Que sus adversarios actuarán con tan inexplicable torpeza fue para Chávez una sorpresa solo atribuible a su buena estrella. Para Fidel Castro, su mejor golpe de suerte desde Bahía de Cochinos cuatro décadas atrás.
Los regímenes autoritarios necesitan del conflicto para instalarse. Pero ocurre que no pueden vivir indefinidamente en el mismo. Siempre llegará el momento de la tregua. Tarde o temprano requieren estabilizarse.
En ese sentido, cada vez que desde la oposición venezolana se ha querido desalojar por la malas al chavismo del poder (sin tener con qué, por cierto) lo único que se ha conseguido es cohesionarlo y reforzarlo en su posición.

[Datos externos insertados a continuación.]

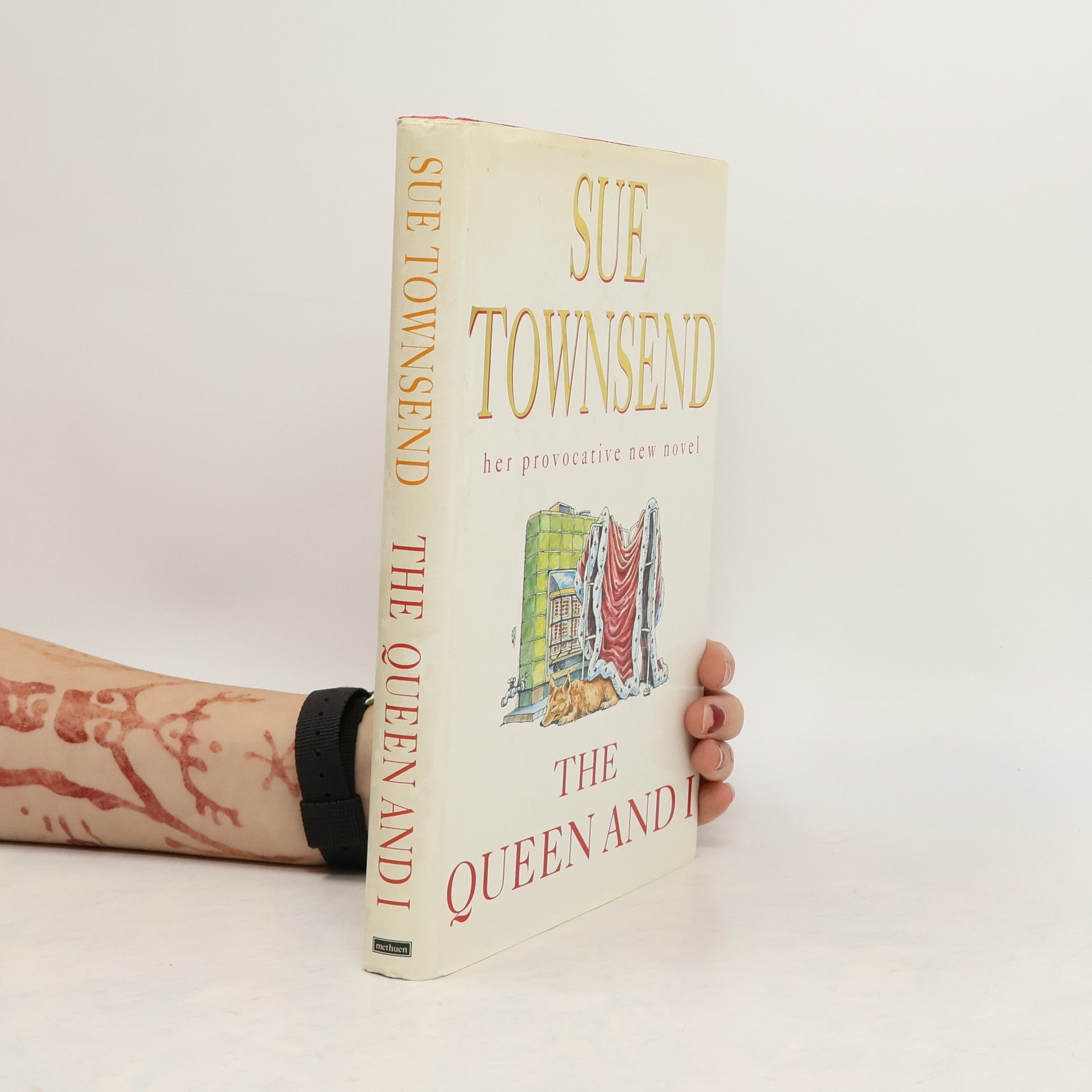 Sue Townsend The queen and I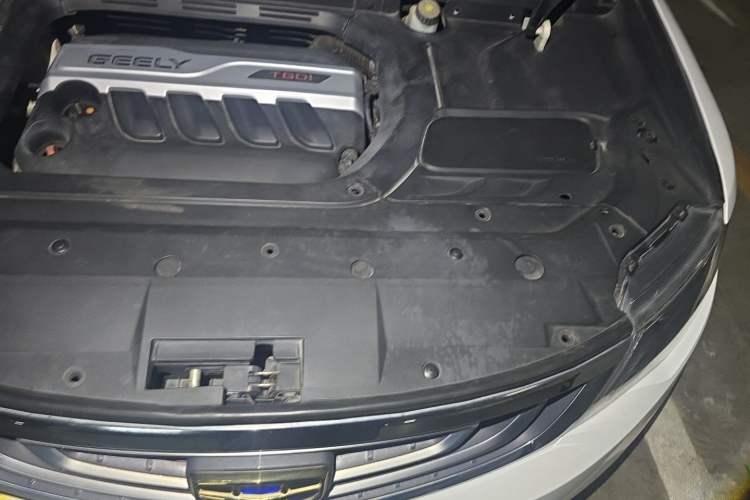 Used Geely Auto Emgrand X7 Sport 2016 1.8TD Automatic ZhiZun Version Engine Bay Left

Las sanciones económicas no van a sacar a Maduro
No hay que ser muy listo para entender esto, pero sí soberbio (o tener intereses inconfesables) para negarlo. La política de sanciones económicas aplicadas a partir de abril de 2019 contra la industria petrolera venezolana tuvo sobre el chavismo el mismo efecto político que el golpe de Estado que protagonizó Carmona Estanga, Plaza Altamira y el Paro Petrolero de diciembre de 2002. Lo único que consiguió fue hacerles la vida más difícil a los venezolanos dentro del país y regalarle una coartada a Maduro para desviar la atención del desatado saqueo y destrucción del sector. Nadie se acuerda hoy del general Manuel Quevedo, bajo cuya gestión (noviembre de 2017 — abril de 2020) la producción petrolera se derrumbó hasta los 1.1 millón de barriles día en medio de denuncias de corrupción nunca aclaradas y efectuadas por el mismo sector hoy caído en desgracia.
En resumen, los hechos han demostrado que las sanciones económicas no van a sacar a Maduro del poder. Lo que ha hecho es atornillarlo, tal como pasó con los Castro en Cuba durante seis décadas. Un pueblo hambreado no tumba gobiernos. Desde el punto vista de los que desean genuinamente un cambio político para Venezuela esa política de coacción externa es un error garrafal.
Por supuesto, no faltará quien diga que lo que hizo posible este nuevo episodio de saqueos contra la industria petrolera venezolana, y por consiguiente esta fractura en la coalición, fueron esas sanciones. Pero eso es desconocer la casi infinita imaginación que la codicia oficial ha tenido durante casi un cuarto de siglo para robar.
En estos momentos Maduro intenta usar esta supuesta campaña anticorrupción para disciplinar a la suyos y demostrarle a la base chavista que él “es un duro”. No parece que eso le esté saliendo bien. Por lo tanto, es totalmente disparatado e irresponsable que un dirigente de alta visibilidad como Leopoldo López pida, desde el Senado estadounidense, exactamente lo que Maduro necesita hoy.